Technically speaking, the passband of a BPF is the band between the low cutoff frequency (f_L) and the high cutoff frequency (f_H). So then, some frequencies will be affected (amplitude and phase) within the passband near the -3 dB cutoff points. However, for the most part, these frequencies are relatively unaffected and make up the passband. Note that the passband is also referred to as the bandwidth of the filter.

A band-pass filter will have two stopbands. In an ideal filter, these stopbands will be from the low cutoff frequency (f_L) to 0 Hz and from the high cutoff frequency (f_H) to ∞ Hz.

However, in real-world band-pass filters, the stopbands will be at some point past the passband once the attenuation reaches a sufficient point (-50 dB, for example).

The transition bands of a BPF are the ranges between the passband and the stopband where the filter rolls off the amplitude of the filter output.

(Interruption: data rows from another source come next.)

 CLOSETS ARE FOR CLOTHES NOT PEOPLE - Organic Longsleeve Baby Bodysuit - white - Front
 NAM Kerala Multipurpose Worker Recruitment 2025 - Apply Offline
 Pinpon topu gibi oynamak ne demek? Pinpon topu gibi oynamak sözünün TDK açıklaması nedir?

The bandwidth of the transition band is dependent upon the slope of the roll-off, which is determined by the filter order and type along with the threshold attenuation of what is considered to be the stopband (the aforementioned -50 dB, as an example).

Band-Pass Filter Order

Band-pass filters are often referred to as “second-order filters”. This is because, at a minimum, they must have two reactive components (typically capacitors) in their design. That's at least one reactive component for the high-pass filter section of the band-pass filter and at least one reactive component for the low-pass filter section of the band-pass filter.

We'll discuss the HPF and LPF portions of the typical BPF circuit shortly.

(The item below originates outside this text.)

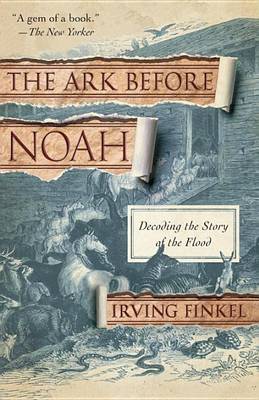 The Ark Before Noah by Irving Finkel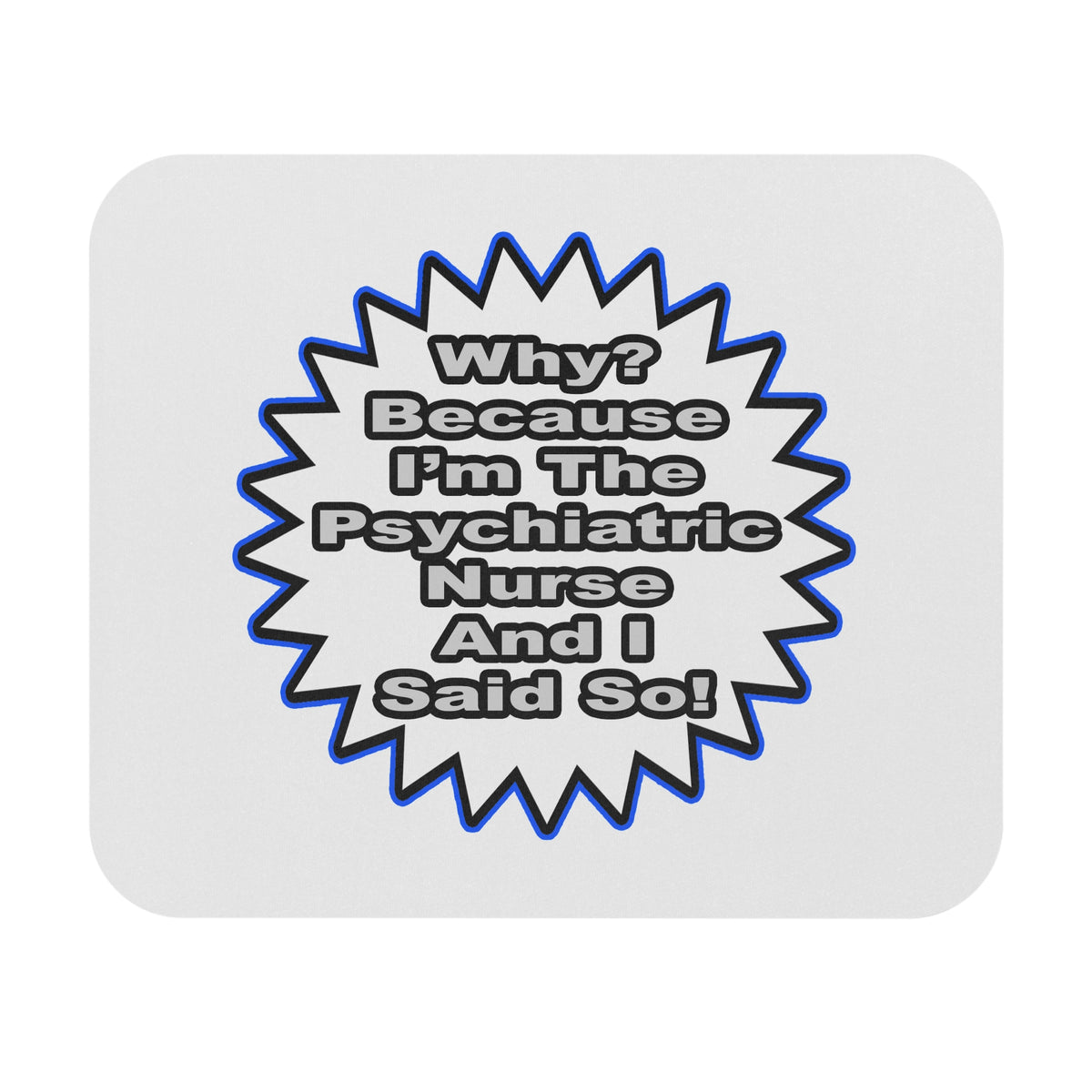 Psychiatric Nurse...Because I Said So - Mouse Pad (Rectangle)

Technically speaking, the order of a filter is what we've just described: the minimum number of reactive elements used in a circuit. Because band-pass filters need at least two reactive components, they are often called second-order filters. These reactive components are nearly always capacitors, though inductors may be used in certain passive BPF designs.

However, band-pass filters can have more than two reactive components in their design, which would thereby increase the order of their design.

In most band-pass filter designs, there will be an equal number of reactive components in the high-pass and low-pass sections of the circuit. This would mean that, generally speaking, band-pass filters will usually have an even number order. Of course, they can be designed in other ways but these designs are less common.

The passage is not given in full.